Ahora, en caso de que el Parlamento catalán y el propio presidente de la Generalitat desobedecieran la decisión del Supremo y mantuvieran el acta de diputado, el líder del PSOE se enfrenta al dilema de suspender su reunión con Torra, lo que sería un jarro de agua fría a la recuperación del diálogo y el arranque de la mesa de negociación entre ambos gobiernos, o mantenerla, lo que podría interpretarse como un respaldo a la desobediencia. Pero, incluso en el caso de que el Parlamento catalán decidiera retirarle el escaño a Torra, una posible reunión con él sería muy comprometida para Sánchez, ya que implicaría que avala la teoría de los independentistas de que sigue siendo presidente de la Generalitat pese a perder su acta. Algo que, de nuevo, será una decisión que acabará en manos de la Justicia.

Pero las consecuencias de una posible desobediencia de Torra irían mucho más allá. El presidente del PP, Pablo Casado, advirtió este viernes de que el propio Sánchez podría estar incurriendo en un delito de desobediencia si se reúne con alguien, que, a su juicio, «está usurpando las funciones que el Tribunal Supremo ha dicho que no puede ostentar» y ya no es presidente de la Generalitat. Casado amenaza incluso con llevar a los tribunales al presidente del Gobierno si mantiene su anunciada visita al presidente catalán en Barcelona.

La otra hipótesis, la de que Torra fuera inhabilitado como presidente de la Generalitat como consecuencia de la pérdida de su escaño, conduciría a unas nuevas elecciones en Cataluña, en las que el partido de Puigdemont podría explotar el victimismo e imponerse de nuevo a ERC, haciendo imposibles los planes de Sánchez de formar un Gobierno tripartito en Cataluña con los republicanos y En Comú Podem.

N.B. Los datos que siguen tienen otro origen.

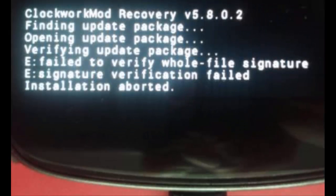Hello YouTube. When you try to install OxygenOS on your OnePlus phone and you come up with an error — something like 'E: failed to verify whole file signature' or 'E: signature verification failed' — this error happens because you are not using the TWRP recovery. You might be using the stock recovery for flashing the new ROM.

La cárcel de Lledoners propone otro permiso de 72 horas para Jordi Cuixart 

La junta de tratamiento de la cárcel barcelonesa de Lledoners ha propuesto conceder un nuevo permiso de 72 horas al presidente de Òmnium Cultural, Jordi Cuixart, que se sumaría a la salida de dos días que disfrutó la semana pasada. Según informó el Departamento de Justicia de la Generalitat, el permiso propuesto por el centro penitenciario debe ser ratificado ahora por el juzgado de vigilancia penitenciaria, al superar el límite de dos días. Cuixart disfrutó entre el jueves y el sábado de la semana pasada de un primer permiso de salida, de 48 horas de duración, que autorizó el Departamento de Justicia y al que tenía derecho tras haber cumplido en prisión una cuarta parte de la condena de nueve años que le impuso el Supremo por su papel en el «procés».